Mahoussi has a consistent supply of fresh fish that has been thoroughly cleaned and washed thanks to the collaboration with local fish farmers. The fish is then seasoned with spices, which are essential for increasing shelf life. It is then marinated for about 30 minutes to allow the spices to penetrate. Following that, the rolling process is used to allow the water to dry out, which usually takes about half an hour. The fish is then placed in the solar oven, where it is constantly monitored for nearly two hours. After that, the fish is allowed to cool for fifteen minutes before being packaged in biodegradable packaging and labeled as ready to sell.
The company employs four people: two women and two men who assist with fish cleaning, washing, processing, and delivery. As a result, the business has impacted livelihoods by employing over 500 households with a minimum of three family members. In Western Benin, the business has an indirect impact on over 1500 community members who have increased their nutritious food intake.
The goal of this initiative was to reduce the use of wood and increase the use of solar equipment for fish smoking. Mahoussi says she is looking forward to working with local hotels and sensitizing other fish smokers throughout Benin to further protect the environment and promote nutritious feeding in households.

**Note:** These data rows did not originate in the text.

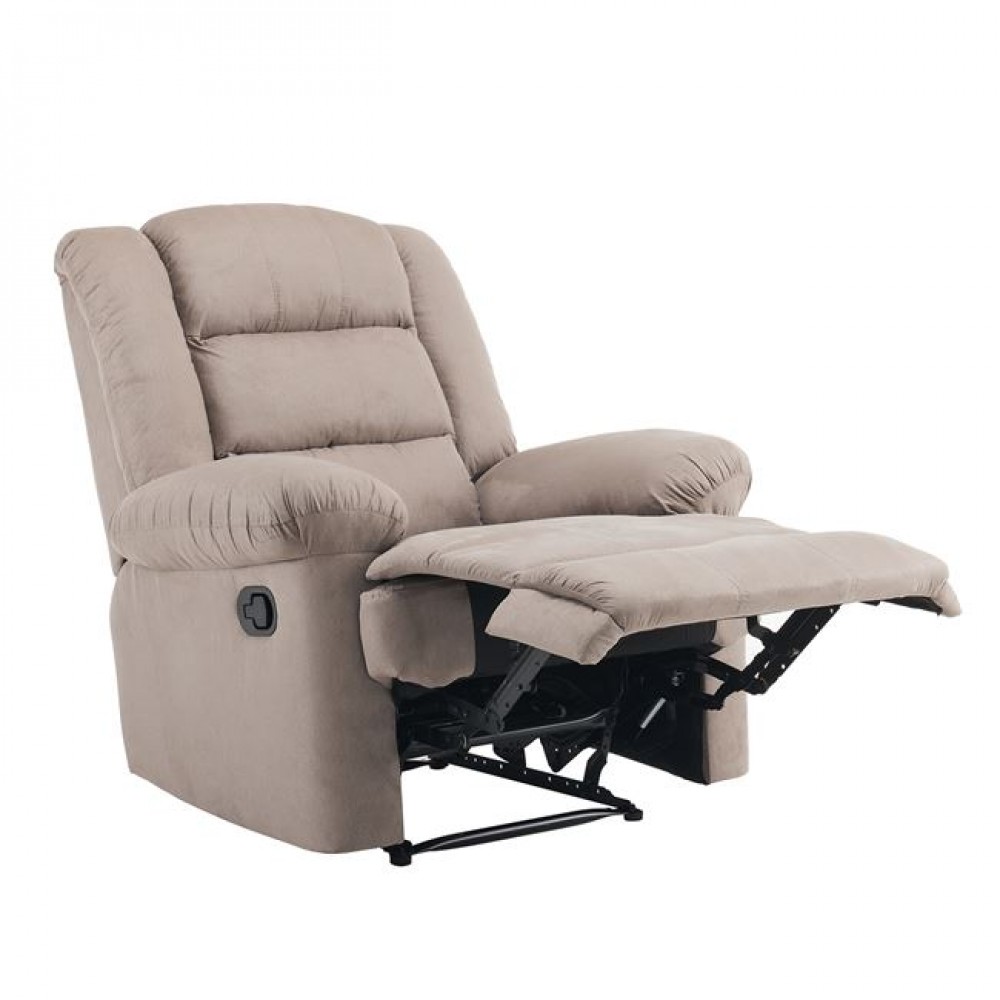 Πολυθρόνα relax "JULIA" από ύφασμα σε χρώμα καπουτσίνο 93x90x100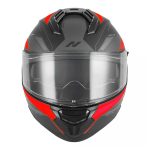 Kaciga NOX Full Face sa naočarima N304 S REVO RED MATT BLACK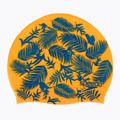Czepek pływacki dziecięcy Speedo Slogan Print orange/blue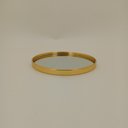 Ver imagem 5 de Bandeja Decorativa para Servir Espelhado Metal 20x20cm Dourado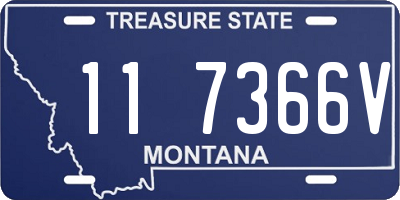 MT license plate 117366V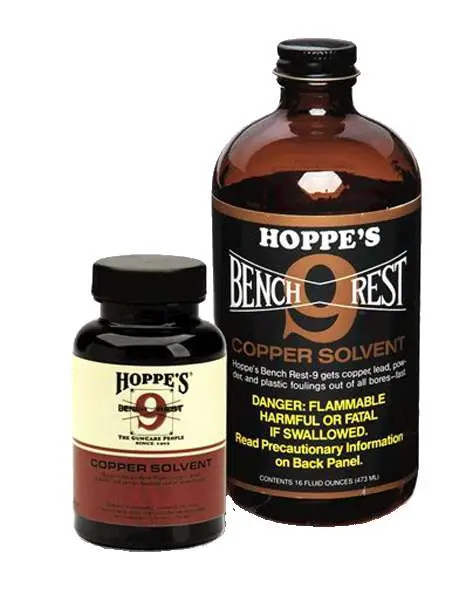 Hoppe’s No. 9 Bench Rest Copper Solvent is designed for precision shooters and gunsmiths who need to remove stubborn copper fouling from firearm bores. This powerful yet steel-safe formula breaks down jacket material buildup to help restore accuracy and maintain consistent performance. Ideal for rifles that see high round counts, this 5 oz jar is perfect for benchrest shooters, long-range competitors, and serious hunters. Customers searching for Hoppe’s copper solvent, bench rest bore cleaners, copper fouling removers, or precision firearm maintenance products will find this essential. Available online or in store at Sturgis Guns in Sturgis, SD.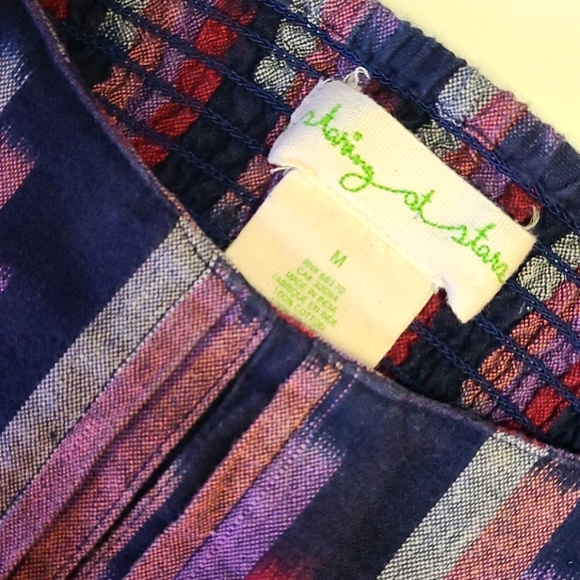 Graphic Print Strapless Romper - Picture 5 of 7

The absence of a nearby water source poses a challenge because they must travel a certain distance to collect water, which is a critical component of their manufacturing process. There is a need to obtain cutting-edge cleaning materials because what they are currently using is rudimentary and the workers occasionally cut themselves, slowing down their work.
The demand for fish has also increased, putting a strain on their current production capacity, and necessitating the installation of more solar ovens. Mahoussi would also like to digitize her business’s marketing and possibly have a website in place.
As a TAGDev/RUFORUM scholar, back in 2019, Mahoussi was barely able to speak and understand English when she arrived in Egerton, Kenya for the student orientation week. Mahoussi considers herself extremely fortunate to have had a tutor who assisted her in learning English, allowing her to complete her course and graduate among the top performers with a first-class degree. Her excellent command of the English language has also enabled her to work with international organizations where she uses her knowledge and skill to support rural community transformation and development.